The table 1 is highly informative but dense. I would suggest splitting it by tumor type or highlighting key pediatric studies for clarity.
We have split the original Table 1 into: Table 1 (main text): Pediatric studies only, grouped by entity and clinical question; and Appendix Table A2: Adult evidence (context only).
The Figure 1 while referenced is not fully described in the text or footnotes and a more detailed caption or in-text explanation would help.
We have revised Figure 1 and now provide a full descriptive caption and in-text explanation.
The conclusion calls for multi-center collaboration and federated validation but could be more specific about the types of studies or pilots needed. I would encourage the authors to provide concrete examples of high-priority research questions or pilot projects that could be initiated within the proposed networks.
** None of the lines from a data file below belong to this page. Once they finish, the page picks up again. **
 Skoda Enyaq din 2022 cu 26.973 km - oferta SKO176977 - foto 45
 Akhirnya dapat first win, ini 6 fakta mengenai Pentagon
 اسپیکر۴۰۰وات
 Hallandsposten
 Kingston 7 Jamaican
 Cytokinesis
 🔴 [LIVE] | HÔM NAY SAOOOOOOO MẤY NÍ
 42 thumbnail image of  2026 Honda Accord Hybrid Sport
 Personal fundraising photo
We agree and have revised the manuscript accordingly. While keeping the Conclusion concise in line with journal conventions, we substantially revised Sections 4 to 6 to provide concrete, high-priority pilots and study designs, including examples such as a DTC early non-remission decision aid, external validation of a four-variable ACT survival tool, a PGL peri-operative instability pilot embedded in anesthesia checklists, federated imaging studies for adolescent GEP-NEN, and a genotype-aware MEN2/MTC aid. These revisions specify intended actions, thresholds, outcomes, calibration maintenance, and equity monitoring within EXPeRT/ERN PaedCan workflows.
Round 2
Reviewer 2 Report
Comments and Suggestions for AuthorsThe authors revised the manuscript by taking the recommendations into account. The paper is acceptable in its current form.